%%

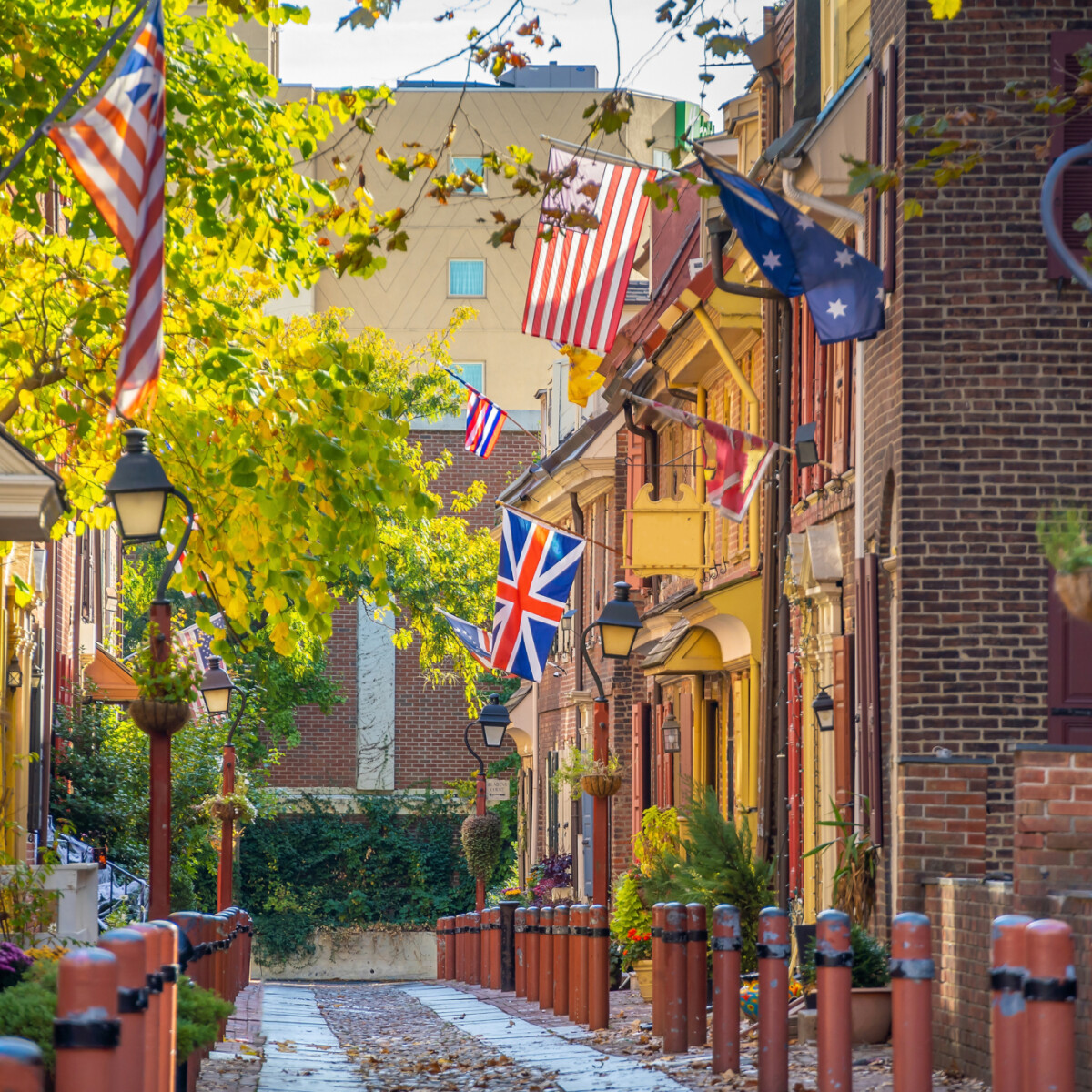 A narrow street lined with historic brick buildings and antique streetlamps.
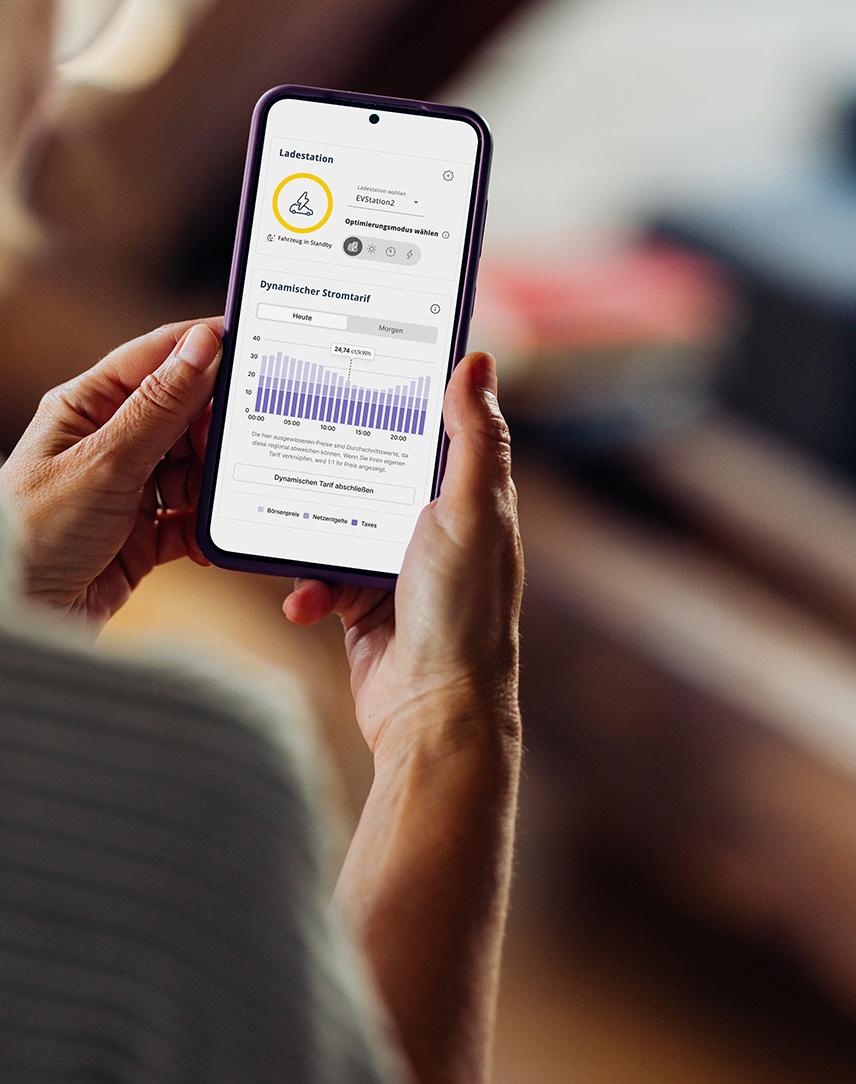 Frau mit Smartphone auf dessen Bildschirm der EWE Energiemanager abgebildet ist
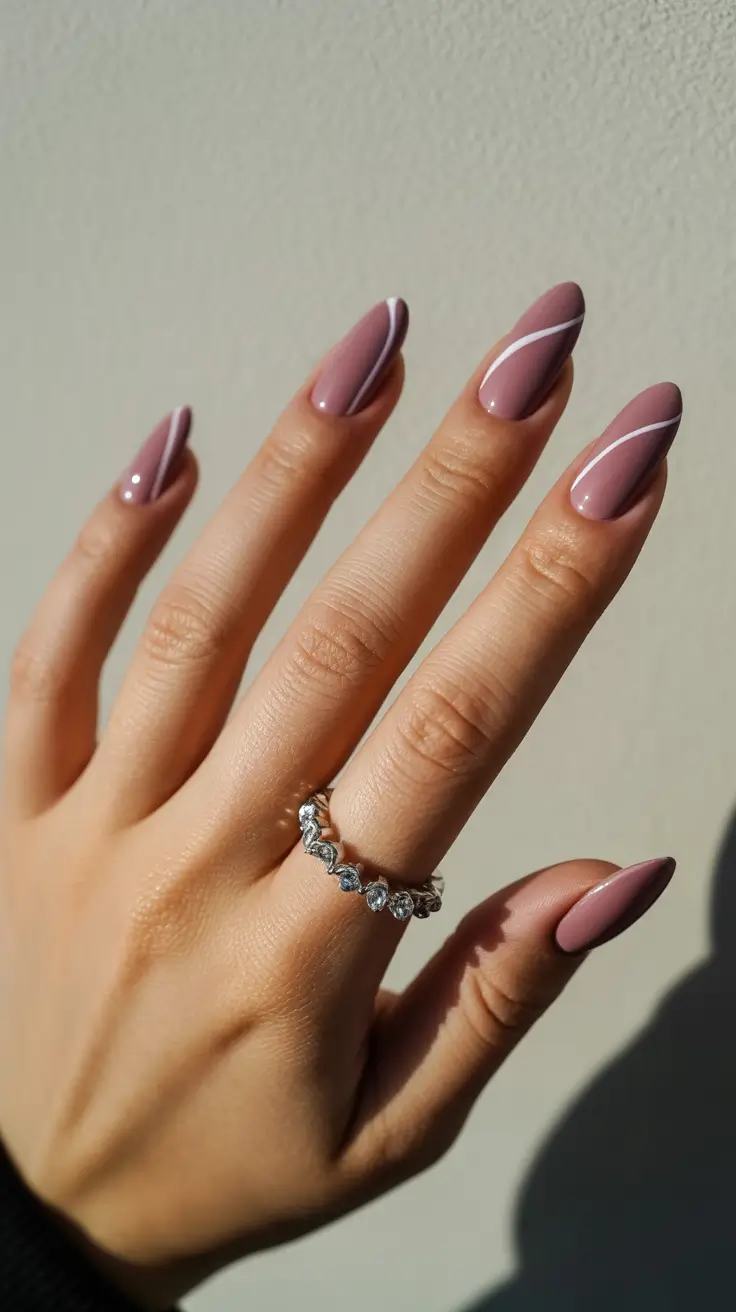 Trendy Winter Nail Colors 2025–2026 Muted Mauve Elegance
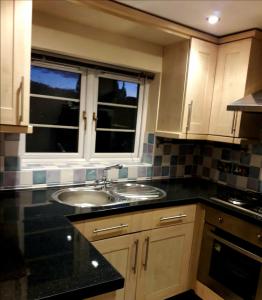 eine Küche mit einem Waschbecken und einem Fenster in der Unterkunft Gorgeview Cottage in Ironbridge
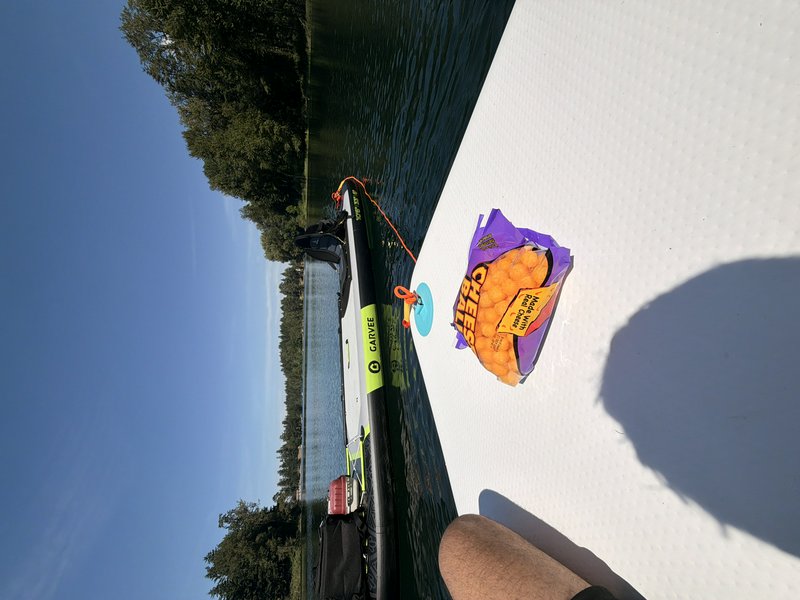 First person POV from a stand up paddleboard on a sunny lake, open cheese puff snack, tied inflat...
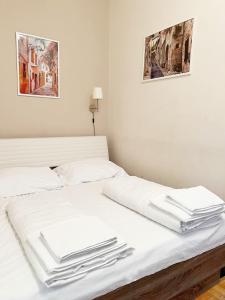 Modern Apartment Krakovska في براغ: سرير عليه شراشف بيضاء ومناشف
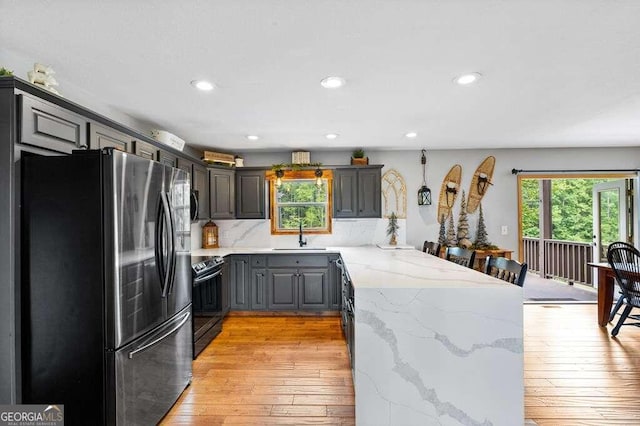 kitchen with black electric range, kitchen peninsula, light hardwood / wood-style flooring, gray cabinetry, and stainless steel fridge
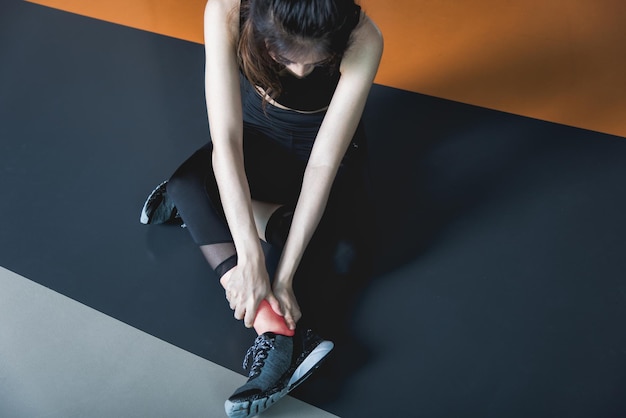 Une jeune femme a une crampe à la cheville lors d'un entraînement physique dans une salle de fitness
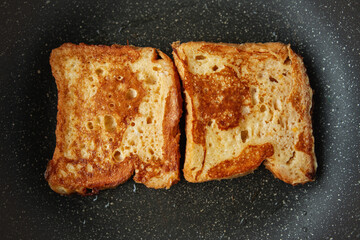 Close-up of two nicely golden pieces of French toast cooking in a skillet, making traditional breakfast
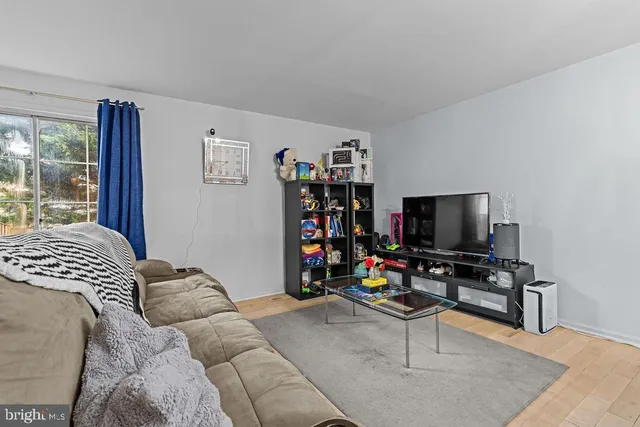 a bedroom with furniture and a flat screen tv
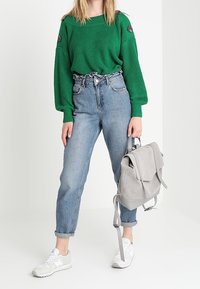 Donna che indossa un maglione verde a maglia e jeans blu a vita alta, con uno zaino grigio chiaro in mano, in piedi con sneakers bianche.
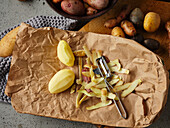 Raw, peeled potatoes and potato peelings on a paper bag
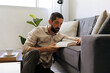 © kleberpicui - Adult man relaxing on sofa reading book at home with coffee nearby. Calm lifestyle moment representing mindfulness, rest and slow living in modern bright interior.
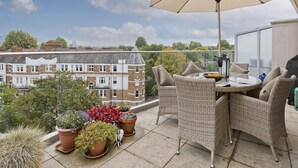 A balcony with wicker furniture, a table, and a large umbrella. There are potted plants and a view of buildings in the background. - Putney Rooftops (London)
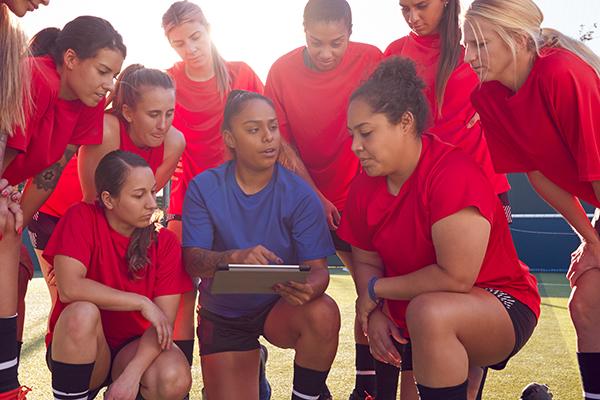 Coach talking to teen girl soccer team.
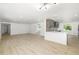 Spacious open-concept kitchen featuring modern appliances and a breakfast bar for casual dining at 7158 S Leewynn Dr, Sarasota, FL 34240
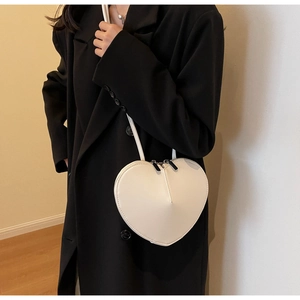 Dettaglio di una borsa bianca a forma di cuore indossata da una modella con cappotto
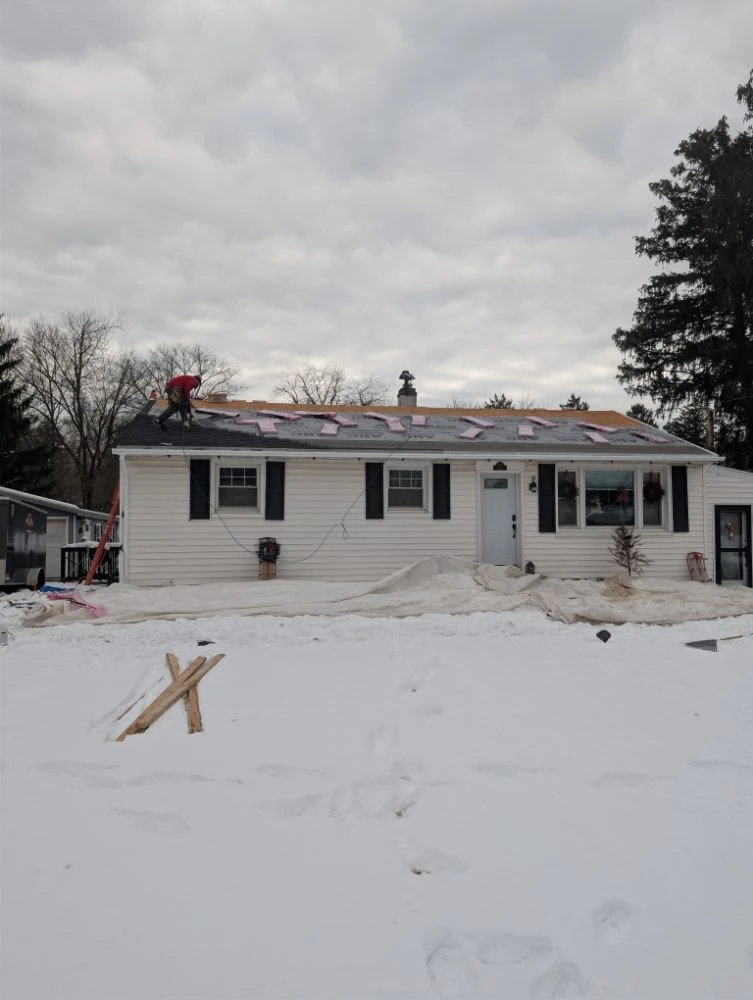 A roofer laying underlayment and shingles across a stripped roof in the snow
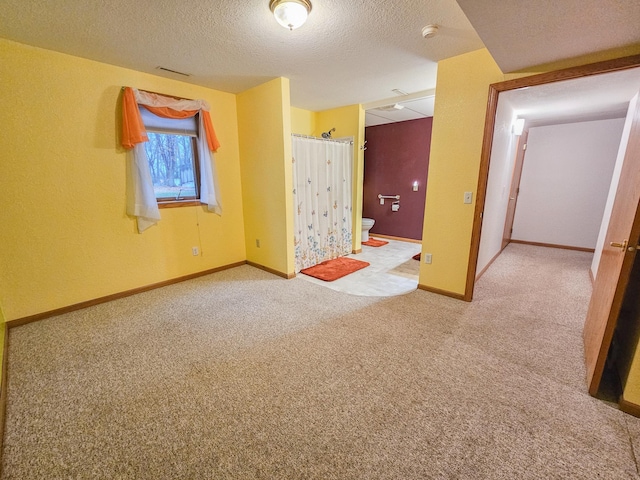 unfurnished room featuring carpet flooring and a textured ceiling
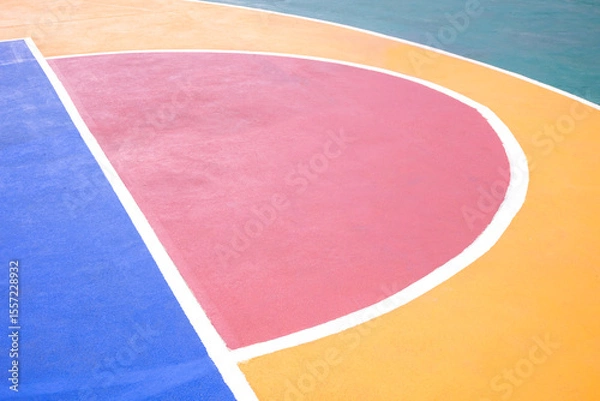 Fototapeta Outdoor basketball court background with colorful pattern and white outline on concrete floor surface, High angle view with copy space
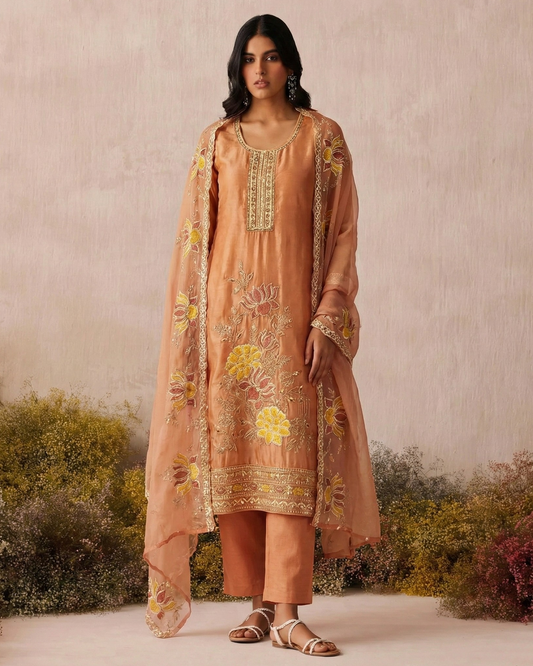Woman wearing a peach embroidered outfit with a natural background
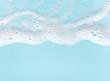 canvas print picture - border of soap foam on turquoise background, with copy space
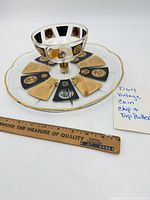 Full view of glass chip and dip platter with attached dip bowl showing coin motif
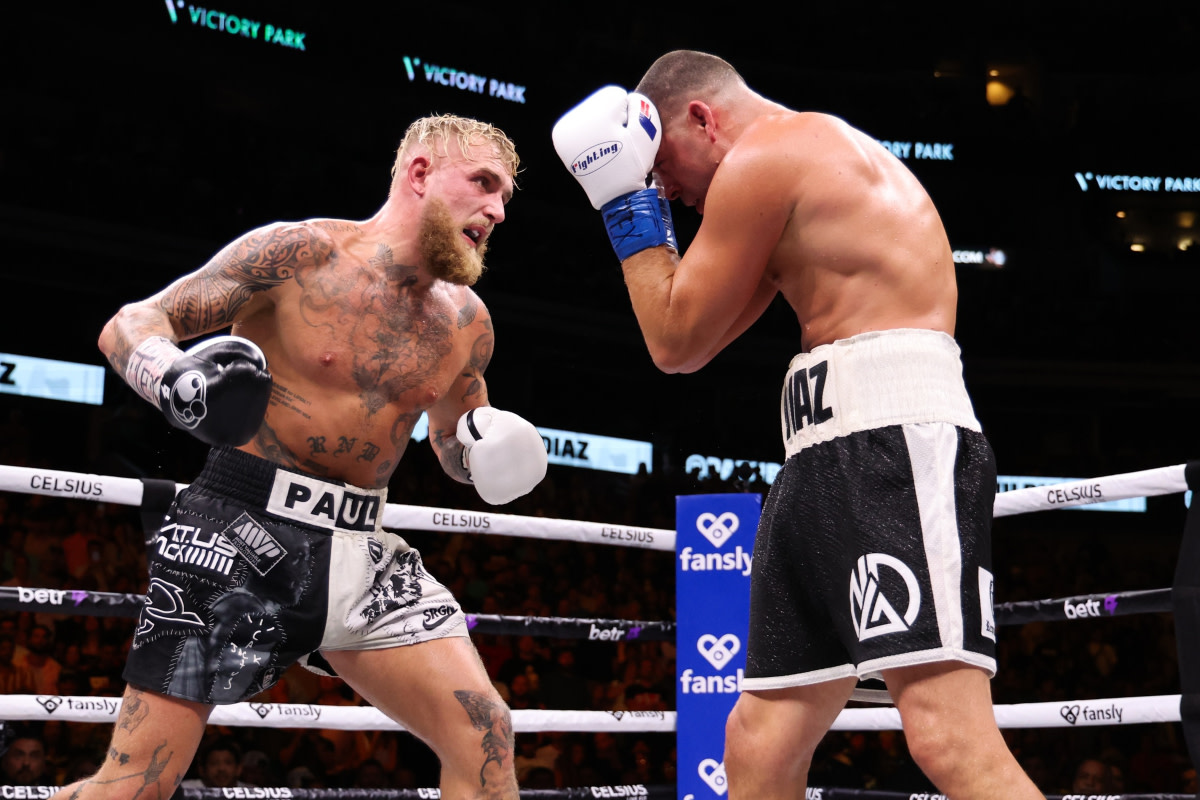 Jake Paul winds up to punch Nate Diaz, who is blocking, during their August 5 boxing match.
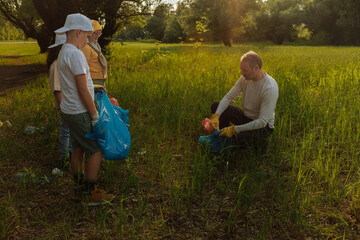 Volunteers collecting trash in a field during a cleanup event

%%

**Problem description:**
Print the listing exactly, but skip its pictures.

**Exercise solution:**
 A narrow street lined with historic brick buildings and antique streetlamps.
 Frau mit Smartphone auf dessen Bildschirm der EWE Energiemanager abgebildet ist
 Trendy Winter Nail Colors 2025–2026 Muted Mauve Elegance
 eine Küche mit einem Waschbecken und einem Fenster in der Unterkunft Gorgeview Cottage in Ironbridge
 First person POV from a stand up paddleboard on a sunny lake, open cheese puff snack, tied inflat...
 Modern Apartment Krakovska في براغ: سرير عليه شراشف بيضاء ومناشف
 kitchen with black electric range, kitchen peninsula, light hardwood / wood-style flooring, gray cabinetry, and stainless steel fridge
 Une jeune femme a une crampe à la cheville lors d'un entraînement physique dans une salle de fitness
 Close-up of two nicely golden pieces of French toast cooking in a skillet, making traditional breakfast
 a bedroom with furniture and a flat screen tv
 Donna che indossa un maglione verde a maglia e jeans blu a vita alta, con uno zaino grigio chiaro in mano, in piedi con sneakers bianche.
 Raw, peeled potatoes and potato peelings on a paper bag
 © kleberpicui - Adult man relaxing on sofa reading book at home with coffee nearby. Calm lifestyle moment representing mindfulness, rest and slow living in modern bright interior.
 A balcony with wicker furniture, a table, and a large umbrella. There are potted plants and a view of buildings in the background. - Putney Rooftops (London)
 Coach talking to teen girl soccer team.
 Spacious open-concept kitchen featuring modern appliances and a breakfast bar for casual dining at 7158 S Leewynn Dr, Sarasota, FL 34240
 Dettaglio di una borsa bianca a forma di cuore indossata da una modella con cappotto
 A roofer laying underlayment and shingles across a stripped roof in the snow
 unfurnished room featuring carpet flooring and a textured ceiling
 Fototapeta Outdoor basketball court background with colorful pattern and white outline on concrete floor surface, High angle view with copy space
Woman wearing a peach embroidered outfit with a natural background
 canvas print picture - border of soap foam on turquoise background, with copy space
 Full view of glass chip and dip platter with attached dip bowl showing coin motif
 Jake Paul winds up to punch Nate Diaz, who is blocking, during their August 5 boxing match.
 Volunteers collecting trash in a field during a cleanup event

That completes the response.